Lynn Conway
December 10, 2000 11:11 AM   Subscribe

Lynn Conway is one of the major talents in the history of the development of computers, responsible for major advances without which computers we buy now would be much different. She's also a transsexual, born physically male. While working for IBM she had her sex-change operation, and IBM immediately fired her for it.
posted by Steven Den Beste (7 comments total)
 
Lynn's one of my colleagues here at Michigan, and I had no clue about this before she sent us an email alerting everyone to the Scientific American story. Now, of course, everyone's saying, oh yes, we knew about Lynn, but I'm pretty sure I heard the sound of a lot of jaws dropping that night.

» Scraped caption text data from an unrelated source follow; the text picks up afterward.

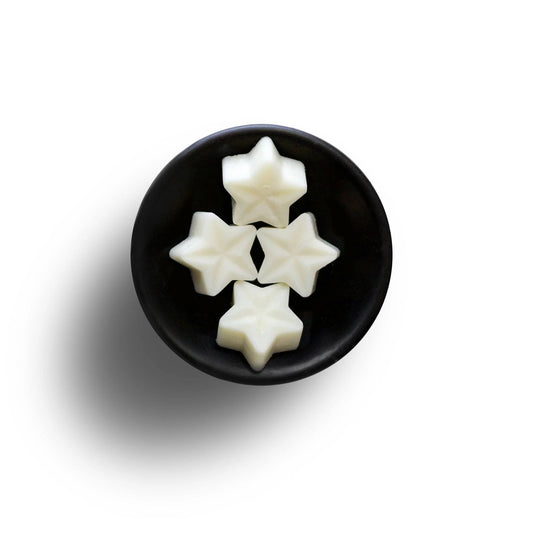 Four star-shaped white sweets in a black bowl on a white background, elegantly reminiscent of vegan wax melts.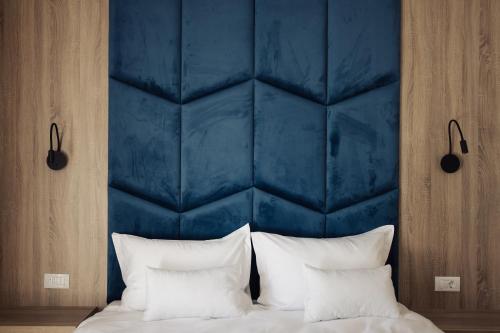 a bed with a blue headboard with white pillows at Nedei Hotel&Spa Transalpina in Martinie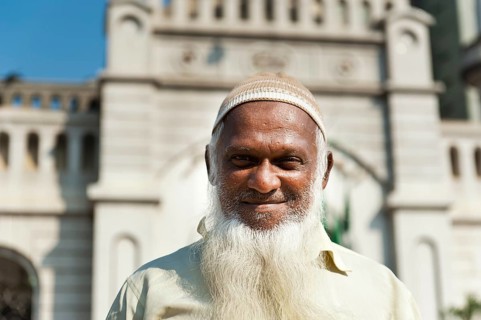 Devout Muslim with cap and long white beard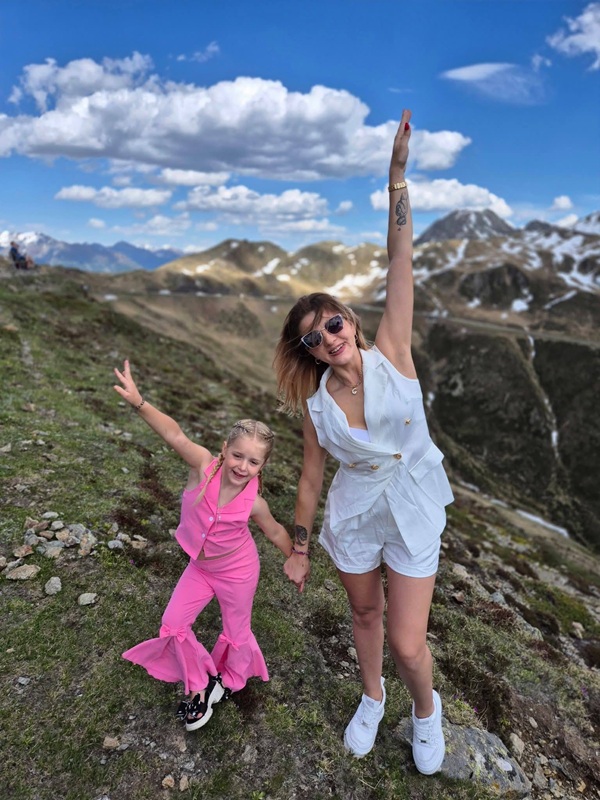 femeie in compleu alb si fetita ei imbracata in roz pe munte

Without taking anything away from her accomplishments, I think SciAm is overhyping them a bit--the story just plays better if she was a neglected, pioneering genius than if she was simply another toiler in the vineyard. Nevertheless, it's a hell of a story. A must-read, as Jorn would say.
posted by rodii at 12:09 PM on December 10, 2000


Perhaps my reading comprehension is lacking, but I fail to see where there's any proof that IBM fired her over having a sex-change operation. Perhaps someone could provide a citation.
posted by milnak at 12:57 PM on December 10, 2000


"Proof"? Is there some reason to doubt it? Somehow I don't think IBM is going to admit it, even at this late date. All we have is Conway's testimony, and that of her cow orkers, but it's pretty trustworthy. She's never tried to "get back" at IBM for any of this, and I see no reason to doubt her motives. IBM at the time had a very staid culture, and Conway was one of the first transsexuals in the US. You could get fired for much less fringey behavior then; it would have been remarkable had IBM not fired her.

IBM's haste to get rid of her is in fact a big part of the story. They wanted her out so badly that they never asked for her papers--very un-IBMlike behavior. Years later, when most of the records of "Project Y" had disappeared and the project team had dispersed, those papers constituted pretty much the only extant documentation for the project.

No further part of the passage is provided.